The flapping dynamics of vertically clamped three-dimensional flags in a Poiseuille flow was studied numerically by using the immersed boundary method. First, the flapping dynamics of a single flag was explored for comparison. Two distinct flow modes were observed: a flapping mode and a deflected mode. In the flapping mode, periodic vortices shed from the flag are formed, leading to alternating upstroke and downstroke flapping motions induced by the hydrodynamic and restoring forces. In the deflected mode, the flag is initially deflected by the hydrodynamic force and reaches a stationary state; the hydrodynamic force is balanced by the restoring force. For tandem flags, when the gap distance is small, the flags behave as one single flag with a higher bending rigidity. When the gap distance is intermediate, the front flag deflects the oncoming flow away from the rear flag. The flapping motion of the front flag is significantly confined by the presence of the rear flag, which results in an attenuation of more than 50% in its flapping amplitude.
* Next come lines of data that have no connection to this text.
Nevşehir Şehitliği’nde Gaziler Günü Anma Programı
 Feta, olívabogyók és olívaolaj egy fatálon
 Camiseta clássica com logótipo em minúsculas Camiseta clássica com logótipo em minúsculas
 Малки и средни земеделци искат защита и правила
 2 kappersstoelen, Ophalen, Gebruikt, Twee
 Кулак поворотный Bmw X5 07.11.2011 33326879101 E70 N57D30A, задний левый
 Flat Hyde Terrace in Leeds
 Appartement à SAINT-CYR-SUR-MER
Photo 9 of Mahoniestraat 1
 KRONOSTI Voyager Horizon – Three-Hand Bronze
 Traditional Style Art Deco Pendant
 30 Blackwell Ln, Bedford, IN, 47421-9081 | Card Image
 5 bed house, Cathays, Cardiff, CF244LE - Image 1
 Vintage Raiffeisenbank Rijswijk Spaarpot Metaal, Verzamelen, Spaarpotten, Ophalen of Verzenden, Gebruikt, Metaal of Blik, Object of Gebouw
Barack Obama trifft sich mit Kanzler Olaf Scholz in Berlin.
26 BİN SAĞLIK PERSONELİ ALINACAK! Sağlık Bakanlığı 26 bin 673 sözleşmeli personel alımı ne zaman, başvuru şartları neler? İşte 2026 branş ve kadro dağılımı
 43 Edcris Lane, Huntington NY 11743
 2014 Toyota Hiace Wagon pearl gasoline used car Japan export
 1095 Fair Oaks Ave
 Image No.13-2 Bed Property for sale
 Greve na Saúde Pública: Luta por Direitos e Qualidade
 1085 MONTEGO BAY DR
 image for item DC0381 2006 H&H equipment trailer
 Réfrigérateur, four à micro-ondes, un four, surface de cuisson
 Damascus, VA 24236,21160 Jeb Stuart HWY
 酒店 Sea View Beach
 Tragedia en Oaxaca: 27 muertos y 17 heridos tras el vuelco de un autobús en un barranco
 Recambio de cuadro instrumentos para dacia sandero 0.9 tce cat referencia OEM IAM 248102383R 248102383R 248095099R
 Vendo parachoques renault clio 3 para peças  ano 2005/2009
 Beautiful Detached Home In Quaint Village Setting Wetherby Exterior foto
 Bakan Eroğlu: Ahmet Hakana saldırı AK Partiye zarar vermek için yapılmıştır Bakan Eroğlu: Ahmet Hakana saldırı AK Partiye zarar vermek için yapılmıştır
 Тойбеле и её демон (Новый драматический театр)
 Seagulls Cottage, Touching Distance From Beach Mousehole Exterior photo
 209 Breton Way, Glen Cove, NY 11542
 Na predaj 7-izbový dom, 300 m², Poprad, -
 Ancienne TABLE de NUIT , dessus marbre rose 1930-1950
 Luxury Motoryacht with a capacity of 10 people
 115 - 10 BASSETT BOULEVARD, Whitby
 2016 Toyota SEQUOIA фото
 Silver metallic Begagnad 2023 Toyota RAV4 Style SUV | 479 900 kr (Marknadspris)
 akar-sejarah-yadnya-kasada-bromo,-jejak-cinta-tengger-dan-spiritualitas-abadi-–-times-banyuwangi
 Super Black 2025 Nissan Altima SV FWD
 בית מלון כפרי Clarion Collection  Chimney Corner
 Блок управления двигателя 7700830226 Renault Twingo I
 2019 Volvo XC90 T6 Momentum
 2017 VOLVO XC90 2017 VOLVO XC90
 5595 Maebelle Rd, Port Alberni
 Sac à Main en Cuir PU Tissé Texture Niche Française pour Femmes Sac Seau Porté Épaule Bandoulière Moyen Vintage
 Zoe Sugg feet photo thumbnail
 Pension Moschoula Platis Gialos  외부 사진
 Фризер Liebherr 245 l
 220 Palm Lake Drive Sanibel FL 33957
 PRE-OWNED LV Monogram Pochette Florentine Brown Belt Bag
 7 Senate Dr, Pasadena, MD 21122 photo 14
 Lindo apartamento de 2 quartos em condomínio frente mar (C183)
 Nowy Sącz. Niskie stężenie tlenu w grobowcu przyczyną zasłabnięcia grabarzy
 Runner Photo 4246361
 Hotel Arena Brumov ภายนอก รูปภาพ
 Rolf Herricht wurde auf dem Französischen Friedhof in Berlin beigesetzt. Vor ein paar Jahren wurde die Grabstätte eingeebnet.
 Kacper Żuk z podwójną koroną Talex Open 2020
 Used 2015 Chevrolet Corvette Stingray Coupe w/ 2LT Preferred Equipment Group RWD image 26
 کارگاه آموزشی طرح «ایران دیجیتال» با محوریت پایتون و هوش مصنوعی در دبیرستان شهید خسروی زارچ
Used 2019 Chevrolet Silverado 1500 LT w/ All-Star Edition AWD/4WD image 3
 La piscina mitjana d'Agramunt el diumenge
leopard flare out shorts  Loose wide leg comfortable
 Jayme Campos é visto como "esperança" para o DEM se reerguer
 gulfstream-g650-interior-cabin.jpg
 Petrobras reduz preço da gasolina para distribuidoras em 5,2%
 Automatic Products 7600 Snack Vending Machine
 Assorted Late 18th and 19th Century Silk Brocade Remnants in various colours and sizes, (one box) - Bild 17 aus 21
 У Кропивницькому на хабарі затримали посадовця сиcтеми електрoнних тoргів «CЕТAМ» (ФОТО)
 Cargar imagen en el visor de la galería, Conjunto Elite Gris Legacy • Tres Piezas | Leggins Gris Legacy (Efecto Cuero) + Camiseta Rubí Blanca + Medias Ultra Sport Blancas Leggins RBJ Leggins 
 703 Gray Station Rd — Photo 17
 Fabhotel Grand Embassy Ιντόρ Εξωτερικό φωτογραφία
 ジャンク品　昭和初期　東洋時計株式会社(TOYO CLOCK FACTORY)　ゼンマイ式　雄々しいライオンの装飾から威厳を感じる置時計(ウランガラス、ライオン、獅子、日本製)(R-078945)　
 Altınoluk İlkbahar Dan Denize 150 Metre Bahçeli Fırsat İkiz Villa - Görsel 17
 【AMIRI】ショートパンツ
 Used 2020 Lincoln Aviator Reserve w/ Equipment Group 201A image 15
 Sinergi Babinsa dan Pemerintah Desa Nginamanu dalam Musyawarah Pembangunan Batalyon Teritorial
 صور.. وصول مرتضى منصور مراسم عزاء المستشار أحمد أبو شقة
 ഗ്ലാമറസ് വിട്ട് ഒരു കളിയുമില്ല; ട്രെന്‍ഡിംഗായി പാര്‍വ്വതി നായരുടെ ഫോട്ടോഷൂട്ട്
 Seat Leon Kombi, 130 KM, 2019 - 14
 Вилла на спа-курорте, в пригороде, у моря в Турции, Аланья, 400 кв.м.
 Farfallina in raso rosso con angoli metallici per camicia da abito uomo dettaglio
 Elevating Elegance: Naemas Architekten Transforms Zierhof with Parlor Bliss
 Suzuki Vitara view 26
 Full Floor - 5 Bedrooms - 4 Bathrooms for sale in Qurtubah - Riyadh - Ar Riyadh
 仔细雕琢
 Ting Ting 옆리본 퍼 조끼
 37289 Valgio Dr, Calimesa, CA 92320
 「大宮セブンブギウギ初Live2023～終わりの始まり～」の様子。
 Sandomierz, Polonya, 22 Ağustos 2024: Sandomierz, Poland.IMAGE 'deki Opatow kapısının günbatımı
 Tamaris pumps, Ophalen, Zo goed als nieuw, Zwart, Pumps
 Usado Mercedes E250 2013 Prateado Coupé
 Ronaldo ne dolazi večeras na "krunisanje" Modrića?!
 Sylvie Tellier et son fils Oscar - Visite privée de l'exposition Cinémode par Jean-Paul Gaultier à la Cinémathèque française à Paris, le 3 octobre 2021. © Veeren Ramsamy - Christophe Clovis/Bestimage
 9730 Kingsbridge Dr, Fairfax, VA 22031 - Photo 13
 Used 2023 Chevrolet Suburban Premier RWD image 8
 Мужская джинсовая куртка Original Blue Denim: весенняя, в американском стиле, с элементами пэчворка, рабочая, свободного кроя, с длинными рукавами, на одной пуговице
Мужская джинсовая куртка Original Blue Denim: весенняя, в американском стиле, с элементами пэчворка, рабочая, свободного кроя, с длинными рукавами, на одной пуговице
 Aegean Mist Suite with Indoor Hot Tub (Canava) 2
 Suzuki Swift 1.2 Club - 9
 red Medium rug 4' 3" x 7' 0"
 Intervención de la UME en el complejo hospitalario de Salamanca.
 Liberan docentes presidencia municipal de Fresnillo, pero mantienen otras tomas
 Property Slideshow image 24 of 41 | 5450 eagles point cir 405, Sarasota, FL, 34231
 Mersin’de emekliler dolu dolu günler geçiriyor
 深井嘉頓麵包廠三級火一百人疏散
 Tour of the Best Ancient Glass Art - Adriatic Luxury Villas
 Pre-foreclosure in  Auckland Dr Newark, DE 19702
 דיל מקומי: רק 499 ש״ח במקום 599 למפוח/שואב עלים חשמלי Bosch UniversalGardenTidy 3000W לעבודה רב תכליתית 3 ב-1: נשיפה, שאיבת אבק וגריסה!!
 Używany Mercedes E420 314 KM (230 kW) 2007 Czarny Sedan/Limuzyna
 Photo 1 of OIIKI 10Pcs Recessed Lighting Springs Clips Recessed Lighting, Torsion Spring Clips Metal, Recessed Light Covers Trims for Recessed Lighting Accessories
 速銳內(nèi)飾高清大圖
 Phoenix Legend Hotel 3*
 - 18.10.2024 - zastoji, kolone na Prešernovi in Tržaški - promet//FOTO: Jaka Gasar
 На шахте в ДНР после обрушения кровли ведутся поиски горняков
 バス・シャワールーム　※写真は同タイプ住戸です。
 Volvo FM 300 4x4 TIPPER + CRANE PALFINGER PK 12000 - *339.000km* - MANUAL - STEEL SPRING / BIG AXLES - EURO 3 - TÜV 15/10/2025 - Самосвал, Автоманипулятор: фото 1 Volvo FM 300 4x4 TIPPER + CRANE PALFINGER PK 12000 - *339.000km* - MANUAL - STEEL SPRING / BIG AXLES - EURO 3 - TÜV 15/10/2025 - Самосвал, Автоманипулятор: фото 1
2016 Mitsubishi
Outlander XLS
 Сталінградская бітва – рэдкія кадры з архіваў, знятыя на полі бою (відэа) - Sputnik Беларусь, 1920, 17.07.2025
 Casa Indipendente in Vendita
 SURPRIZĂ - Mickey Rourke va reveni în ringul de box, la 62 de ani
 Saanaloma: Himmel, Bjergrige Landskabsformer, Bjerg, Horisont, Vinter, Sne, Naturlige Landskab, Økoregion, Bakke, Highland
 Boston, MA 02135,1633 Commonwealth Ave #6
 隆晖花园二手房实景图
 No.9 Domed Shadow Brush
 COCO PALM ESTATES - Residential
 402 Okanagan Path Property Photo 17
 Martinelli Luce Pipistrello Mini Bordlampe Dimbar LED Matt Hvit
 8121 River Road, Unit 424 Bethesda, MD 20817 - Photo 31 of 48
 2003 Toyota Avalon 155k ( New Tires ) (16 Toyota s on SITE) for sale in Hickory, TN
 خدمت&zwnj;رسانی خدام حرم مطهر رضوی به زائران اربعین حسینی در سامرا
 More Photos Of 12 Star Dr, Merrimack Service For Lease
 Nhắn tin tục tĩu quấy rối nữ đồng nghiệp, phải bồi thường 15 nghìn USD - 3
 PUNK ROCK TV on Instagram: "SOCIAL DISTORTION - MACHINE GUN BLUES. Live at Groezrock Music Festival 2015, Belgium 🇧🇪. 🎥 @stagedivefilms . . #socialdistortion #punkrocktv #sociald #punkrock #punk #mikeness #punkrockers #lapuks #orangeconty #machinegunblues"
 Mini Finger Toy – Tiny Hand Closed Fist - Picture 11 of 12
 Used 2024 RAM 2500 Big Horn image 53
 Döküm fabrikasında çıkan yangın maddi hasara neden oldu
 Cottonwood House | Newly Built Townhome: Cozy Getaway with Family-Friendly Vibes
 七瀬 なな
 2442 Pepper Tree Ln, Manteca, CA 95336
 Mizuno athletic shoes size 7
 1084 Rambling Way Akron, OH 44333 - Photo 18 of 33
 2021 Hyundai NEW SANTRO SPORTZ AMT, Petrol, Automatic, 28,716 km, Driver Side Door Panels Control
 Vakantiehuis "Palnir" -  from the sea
When the distance is large, the impact of the rear flag on the upstream flow field is negligible, so the front flag exhibits a flapping amplitude and frequency that are similar to those of a single flag. The vortices shed from the front flag induce the formation downstream of a low pressure region, which results in active flapping in the rear flag with a strong amplitude. There are two vortices shed from the tandem flags in each flapping period. When they are far apart, the phase difference is linearly dependent on the gap distance.